**Exercise material:**
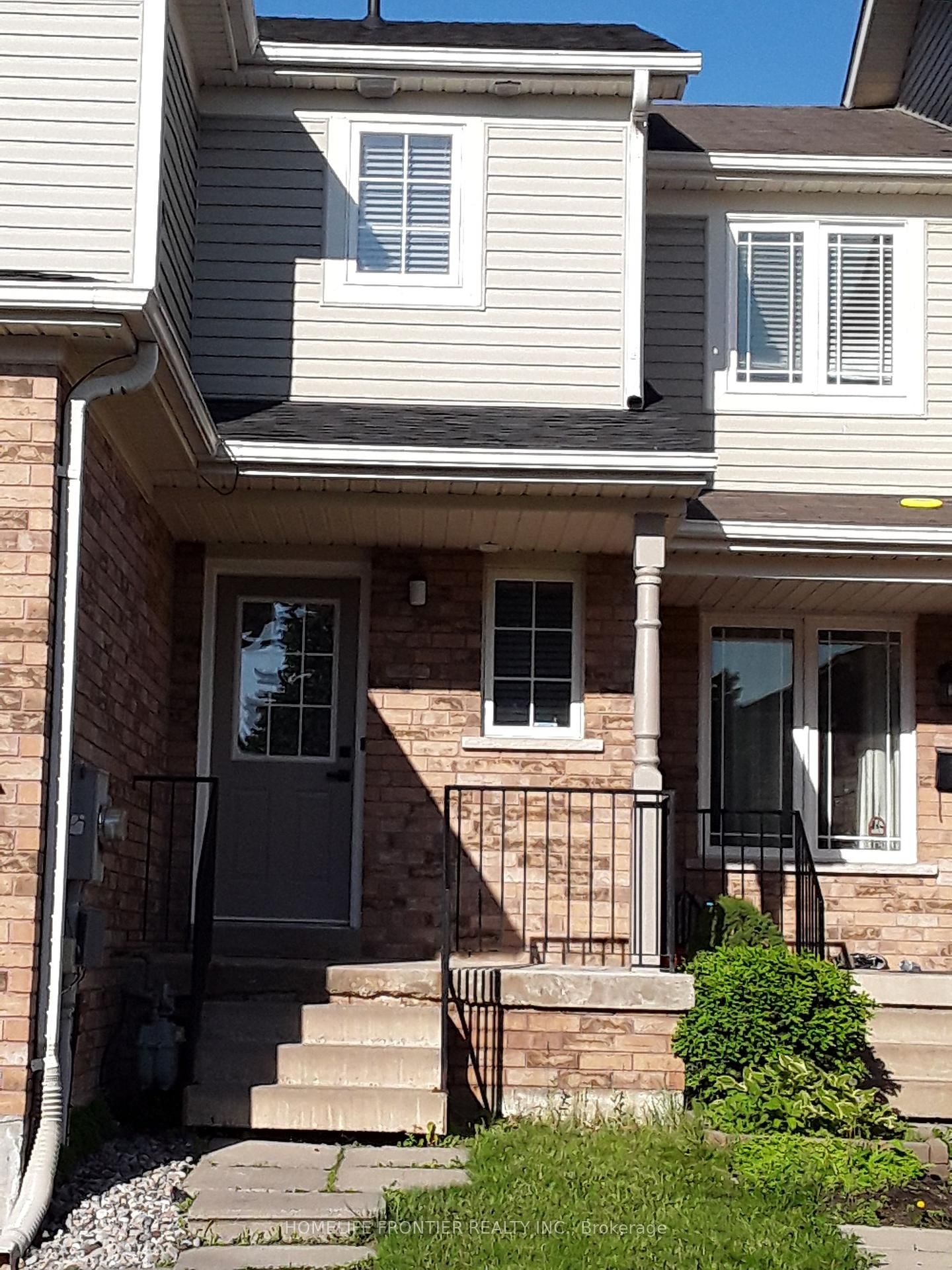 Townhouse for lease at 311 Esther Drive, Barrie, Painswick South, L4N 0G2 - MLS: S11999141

...

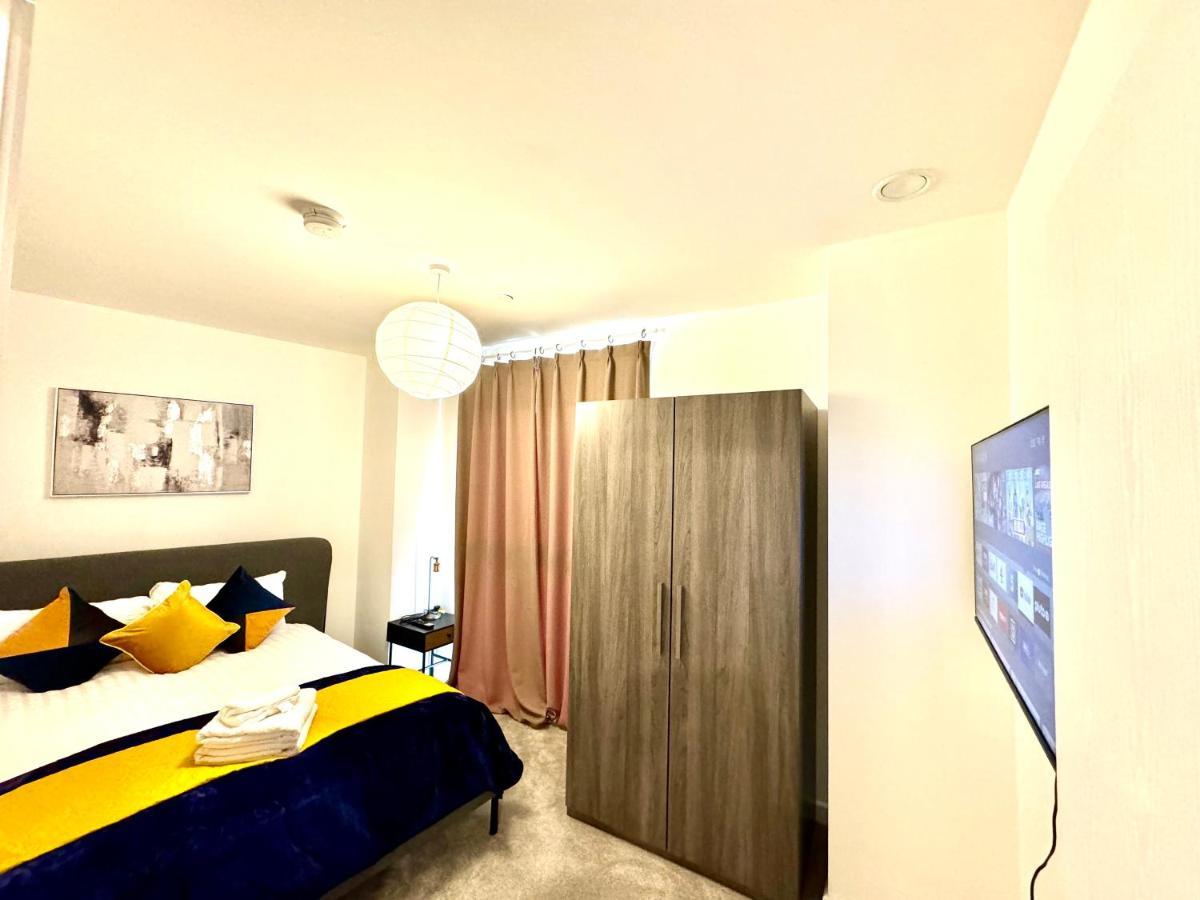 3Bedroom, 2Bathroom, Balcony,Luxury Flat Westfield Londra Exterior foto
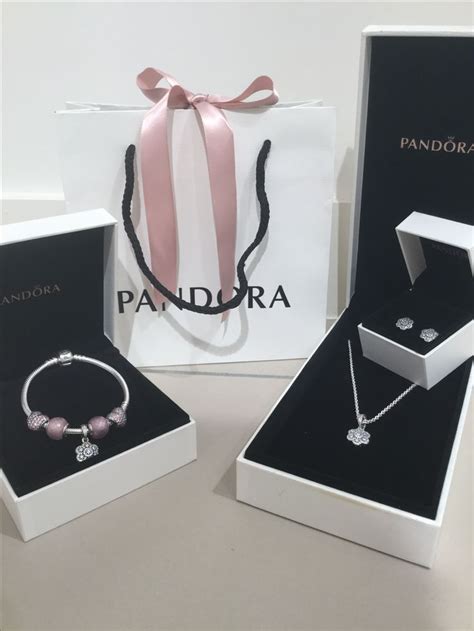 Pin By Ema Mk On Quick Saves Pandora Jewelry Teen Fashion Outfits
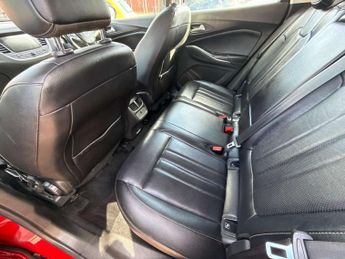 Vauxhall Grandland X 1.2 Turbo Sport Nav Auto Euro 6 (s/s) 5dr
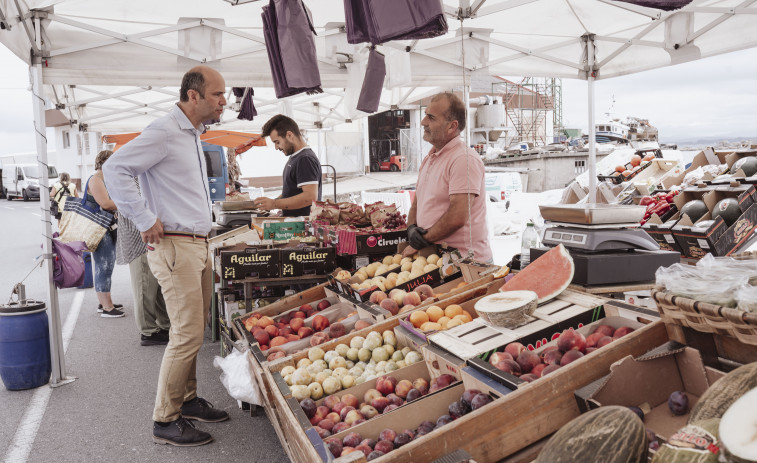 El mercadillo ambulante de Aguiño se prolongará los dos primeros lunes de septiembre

--

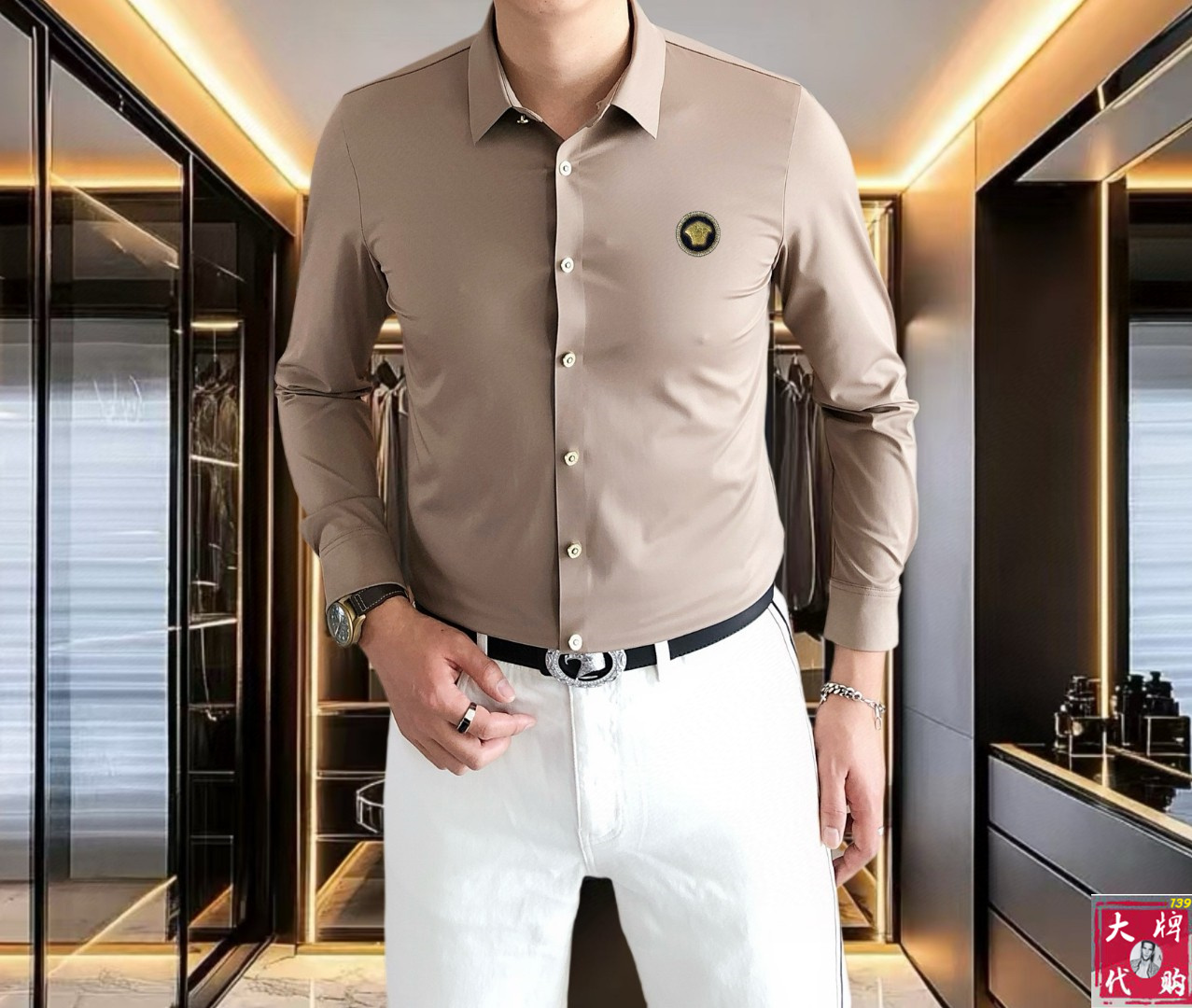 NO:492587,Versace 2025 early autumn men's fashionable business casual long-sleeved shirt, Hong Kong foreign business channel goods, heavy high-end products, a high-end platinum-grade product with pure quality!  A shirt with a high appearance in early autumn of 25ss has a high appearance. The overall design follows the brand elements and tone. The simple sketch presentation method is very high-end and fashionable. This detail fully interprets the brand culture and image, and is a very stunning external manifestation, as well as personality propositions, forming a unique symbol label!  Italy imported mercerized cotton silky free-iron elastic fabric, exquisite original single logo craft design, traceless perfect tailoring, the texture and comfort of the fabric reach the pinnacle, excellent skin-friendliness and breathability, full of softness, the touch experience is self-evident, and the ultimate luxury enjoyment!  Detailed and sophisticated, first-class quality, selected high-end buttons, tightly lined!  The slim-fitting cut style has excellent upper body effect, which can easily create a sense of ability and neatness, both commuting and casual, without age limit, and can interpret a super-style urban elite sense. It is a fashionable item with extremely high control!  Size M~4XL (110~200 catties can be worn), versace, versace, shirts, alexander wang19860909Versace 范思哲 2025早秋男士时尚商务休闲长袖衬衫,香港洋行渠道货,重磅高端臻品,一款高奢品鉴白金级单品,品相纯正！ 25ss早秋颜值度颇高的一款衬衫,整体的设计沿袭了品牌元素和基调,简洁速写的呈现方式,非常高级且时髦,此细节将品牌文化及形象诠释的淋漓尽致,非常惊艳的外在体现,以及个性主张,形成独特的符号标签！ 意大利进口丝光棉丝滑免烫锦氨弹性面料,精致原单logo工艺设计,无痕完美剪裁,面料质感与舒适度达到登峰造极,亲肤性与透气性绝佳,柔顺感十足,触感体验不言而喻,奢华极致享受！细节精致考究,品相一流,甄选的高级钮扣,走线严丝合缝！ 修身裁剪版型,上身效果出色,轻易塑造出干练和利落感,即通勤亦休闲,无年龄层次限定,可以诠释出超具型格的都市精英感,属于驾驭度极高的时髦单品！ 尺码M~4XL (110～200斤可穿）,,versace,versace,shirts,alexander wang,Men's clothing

**Task instructions:**
Copy word for word the span of the records above that begins at the line with "3Bedroom, 2Bathroom, Balcony,Luxury" and ends at the line with "El mercadillo ambulante", including those two lines but not the pictures.

**Answer to this problem:**
 3Bedroom, 2Bathroom, Balcony,Luxury Flat Westfield Londra Exterior foto
 Pin By Ema Mk On Quick Saves Pandora Jewelry Teen Fashion Outfits
 Vauxhall Grandland X 1.2 Turbo Sport Nav Auto Euro 6 (s/s) 5dr
 El mercadillo ambulante de Aguiño se prolongará los dos primeros lunes de septiembre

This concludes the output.